The term “trade secret” does not apply to all confidential information. Experts, therefore, advise using strict employment contracts and confidentiality agreements to prevent employees from misusing sensitive employer information. Employers are advised to include the following provisions in their employment agreements:

  • A clear definition of the information that qualifies as confidential or a trade secret;
  • A clear delimitation of an employee’s right, or lack thereof, to access that information;
  • Detailed requirements of actions that employees must take to protect confidential information and trade secrets; and
  • A provision defining the employee’s duty of confidentiality post-employment.
  • Contracts alone aren’t enough to support a claim under the DTSA, but employers may seek damages from employees and related third parties through breach of contract litigation.

Electronic and Physical Safeguards

In order to determine whether private trade secrets are sufficiently protected under the DTSA, courts typically take into account two factors:

Security precautions

These must be in line with the type and location of your trade secrets. For instance, a confidential recipe, program, or business strategy may be safest in a locked vault where it cannot be accessed online. However, the protection of electronic trade secrets should include encryption, passwords, restricted networks, security software, and expert security monitoring. Storing trade secrets on cloud-based software that is accessible by the program host or employees is one of the most common mistakes that new businesses make.

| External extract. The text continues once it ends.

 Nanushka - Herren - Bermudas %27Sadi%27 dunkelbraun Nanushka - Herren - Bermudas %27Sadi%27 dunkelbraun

Limiting access to trade secrets with Need-to-know Disclosure is also crucial. Documents should only be accessible to essential staff. It’s good training to only allow employees to access the data they need to do their jobs. Trade secrets should rarely be accessible to employees remotely, and two-step authentication should always be used to avoid password sharing and unintended access.

Additional Precautions

It’s important to disable USB ports, disc drives, and the ability to copy and share protected information.